Try a camera’s manual mode

If you’ve resigned yourself to the idea that stills are what you want in a drone show, you may want to find your way to a manual mode on your phone or camera, or an app that gets you closer.

While it’s entirely possible your regular phone app will do the job, a manual mode should let you control the shutter speed, and that will give you more to play with.

Turn the shutter speed up and the scene will likely get darker, but the lights of the drones will be sharp when the shot is fired. But turn the shutter speed down, and you’ll likely get some blur between the drone movement and your hand movement holding the phone or camera.

Tips that remain consistent

Regardless of what you end up doing, some tips remain consistent and always work.

Turn yourself into a tripod

For instance, we always come back to “turning yourself into a tripod” like because it can help stabilise a phone or camera when you’re going handheld.

To do this, consider one of two approaches:

  • Pull your arms into your chest and use shallow breathing (or hold your breathe), or
  • Hug a lamp-post or tree.

Either one can help stabilise yourself and any movements. Alternatively, bring a tripod if you can. Or just turn yourself into the human equivalent, which is what we do.

The haptic “camera control” feature at the very left on the iPhone 16 can be used to control the iPhone camera, and even squeezed to fire the shot.

Use your volume key to fire the shot

Another consistent tip we have for great fireworks photos is to skip touching the screen entirely, and opt for a physical shutter button if you can. Proper cameras will have one of those, but phones don’t always get that.

Ever since the iPhone 16 range, all iPhone models except the iPhone 16e have come with a haptic slider that also acts as a camera button, meaning every current iPhone can be used with a dedicated camera button.

But every phone also has a physical camera button, you just have to know what it is.

A volume key on every single phone works as a camera trigger, allowing you to press either volume up or volume down to fire a shot. Every phone, any phone. We’ve not yet found a phone that doesn’t work this way with the phone’s native camera app.

The reason why volume buttons trigger the camera tends to have to do with selfie sticks, because that’s what their buttons usually trigger.

Not every camera app will play nicely with the volume key, but many will, and it means you can comfortably hold your phone by its frame in your hand, and squeeze a volume key to fire the shot. Easy.

Whether you press the volume up or volume down, either of the volume keys on the Galaxy S25 Edge (left) or the S25 Ultra (right) will fire the camera on the phone. And on most other Android phones, too.

Composition is key

You might think that photos of fireworks or drones in the sky seem like a nice shot — and they are-ish — a better photo can have composition thought out.

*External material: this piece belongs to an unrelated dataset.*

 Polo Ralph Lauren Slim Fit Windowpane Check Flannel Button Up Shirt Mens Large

Instead of simply aiming up, consider holding out your phone and aiming that rear camera at you, rather than using the selfie mode.

You can totally use selfie if you want, but the rear camera is often much better, and when you hold it below you down at chest level, you can look straight down the barrel, wait for the firework or drone above, and then trigger the image using that volume key on the side to snap a clearer photo with the better rear camera sensor.

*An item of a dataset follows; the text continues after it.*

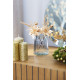 MagicHome Christmas twig, with poinsettia flower, gold, 24 cm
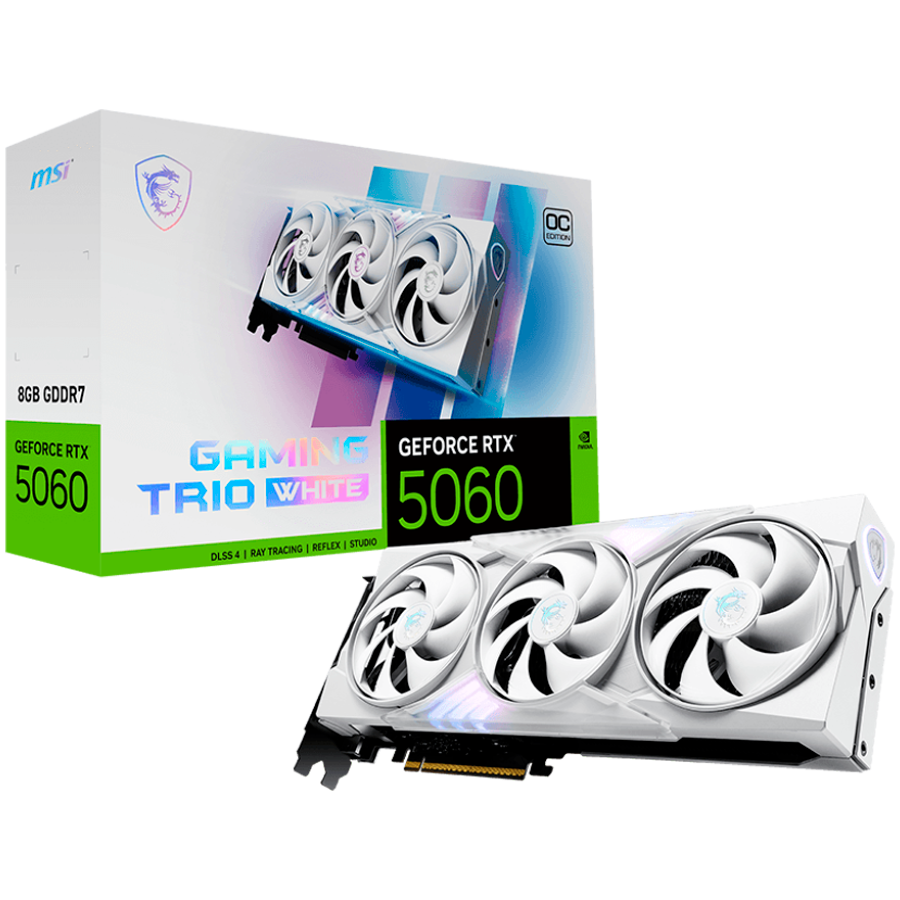 MSI Video Card NVIDIA GeForce RTX 5060 8G GAMING TRIO OC WHITE, 8GB GDDR7, 128-bit, 2640 MHz Boost, 3840 CUDA Cores, PCIe 5.0 (x8), 3x DP 2.1b, HDMI 2.1b, RAY TRACING, Triple Fan, 155W TDP, 8-pin PCIe Power, G-SYNC, 3Y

And since fireworks and drone shows typically go for minutes rather than seconds, you simply need to wait a beat or two before you flip the phone around and look at the outcome, before doing it again.

That composition — you and potentially friends against the backdrop of a show — is a better scene than fireworks or drones by themselves, and the same is true if you happen to have a window to either occurring near a city scape.

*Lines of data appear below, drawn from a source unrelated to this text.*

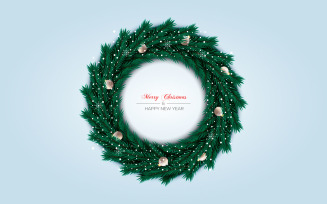 Realistic christmas wreath template decoration with pine branch and ball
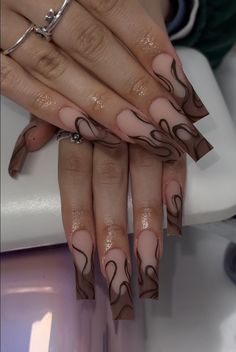 Brown Acrylic Nails, Unghie Sfumate, Acrylic Nails Coffin Short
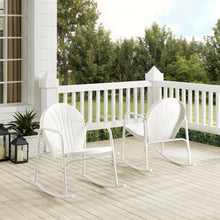 Load image into Gallery viewer, Griffith 2Pc Outdoor Metal Rocking Chair Set White Gloss - 2 Rocking Chairs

Composition is one of the most important aspects of photography, as is light. To nail the best fireworks and drone photos, you kind of need to think of both, usually before the event.

So in those few minutes before it happens, think about what you want and set the shot beforehand.

And then keep snapping, because in the world of digital photography, the “film” never really runs out, so you can keep doing it until you get the shot you want.